Is it better to use thermal grease or adhesive? and if so what brand? Arctic Silver?


----------



## mroneeyedboh (Sep 24, 2006)

hey Deesta, are you going to produce instructions with info on wiring up the driver? (bflex to be exact ) I just need to know what wires go to what part on the board. I emailed George and he said no... haha


----------



## WeLight (Aug 12, 2007)

Giant-Lander said:


> Looks great mainly because of you buddy! Your sharp eyes are right, i know i got it wrong but a) i dread the moment i will need to open it again because all of that thermal compound all around and the led wiring! and b) i figured that this way i have increased the cooling surface by two tiny "fins" heheheheheeh, about 0,0003 sq cm!!!!!
> I think that my main contribution is the remote switch from PMR ptt button, it is really neat with just one cable and very very handy!
> The battery holder works superb so far. I have also tied a knot at the one side of the hole , were the cables go in , so that i don't stress the solder pads.....:eekster:


Just a tip guys, all the builds I look at here and CPF etc show enormous amounts of thermal compound, I understand the tempatation that more is better however there is an inherent problem whereby increased material mass actually adds thermal resistance, you want to have thermal compounds or adhesives, paper thin


----------



## troutie-mtb (Sep 20, 2007)

WeLight said:


> Just a tip guys, all the builds I look at here and CPF etc show enormous amounts of thermal compound, I understand the tempatation that more is better however there is an inherent problem whereby increased material mass actually adds thermal resistance, you want to have thermal compounds or adhesives, paper thin


Point well taken Mark , but I am quessing here and G_T is most likley meaning thermal grease between the 2 halves of the housing and the led heatsink .
which gets squeezed when the casing is bolted together


----------



## troutie-mtb (Sep 20, 2007)

mroneeyedboh said:


> hey Deesta, are you going to produce instructions with info on wiring up the driver? (bflex to be exact ) I just need to know what wires go to what part on the board. I emailed George and he said no... haha


It is all printed on the Bflex but a magnifier helps


----------



## mroneeyedboh (Sep 24, 2006)

what does SWB/SWA,STAT, J1,

LED+/- is for the LED positive and negative leads
SW1 i would assume is the switch terminals
IN-/IN+ is for the power leads ( from battery )

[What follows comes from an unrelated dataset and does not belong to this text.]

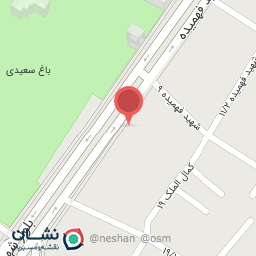 عکس تعمیرگاه تخصصی جلوبندی عراقی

And what are those two open holes ( below SW1 ) used for?


----------



## znomit (Dec 27, 2007)

mroneeyedboh said:


> what does SWB/SWA,STAT, J1,
> 
> And what are those two open holes ( below SW1 ) used for?


There are multiple switch contacts. You can use A/B or the two on SW1.
Stat +/- is the status led. 
J1 is for master/slave configuration


----------



## Giant-Lander (Feb 13, 2009)

troutie-mtb said:


> Beam shot wise it may also be that I used SS optics and as Giant said also advised against the oval . but having said that I have just recieved a carclo eliptical optic from Mark at Cutters ( thanks Mark ) and early testing is looking very promising .with a very interesting beam in my garden I will post more details when I get the time to rig a proper beam shot .
> 
> also looking at Giants pics it would appear that the oval optic is in the wrong orientation
> and needs rotating 90 degrees . the ribs should be vertical for the light to spread sideways.
> ...


My two side lenses are the Ledil 20mm SS square optics.
I can't find the specs for the oval optic -which provide a nice,tight beam pattern, so i can't check about alignment. I though i had got it right though.....Well, it's hard to change it now as i have epoxied them without holders. If the oval spread is not vertical, it might actually be more useful to light down the track ,no?
Sorry about the exposure settings, i didn't know that and as i said, i didn't want to troch the picture. My actual settings were F2.8 with 2 seconds xposure @ 100 ISO.
I have used the modest amount of arctic silver thermal compound and arctic slvr glue on the stars, it's just the housing design that makes you cover multiple surfaces, as troutie said.
I made a quick check on ebay, you can find PTT switches here:

http://cgi.ebay.com/Earpiece-Mic-Wi...5|66:2|65:12|39:1|240:1318|301:1|293:1|294:50
http://cgi.ebay.com/Earpiece-Mic-w-...CC%2BCRS%2BIA%2BUCI%2BSI%2BUS-BWR&otn=4&ps=33
http://cgi.ebay.com/Remote-PTT-Push...hash=item110299788721&_trksid=p3286.m20.l1116

They're pretty cheap and all you need is a triple core cable and a single hole and cable gland on the housing....Leaves more space in the back to add some cooling fins or cpu cooler....:thumbsup:


----------



## HuffyPuffy (Jun 9, 2008)

Great idea using the PTT as a remote switch. Do you know if they are they momentary or latching?


----------



## peteoheat (Sep 29, 2008)

The PTT will be momentary since you have to hold it to talk. 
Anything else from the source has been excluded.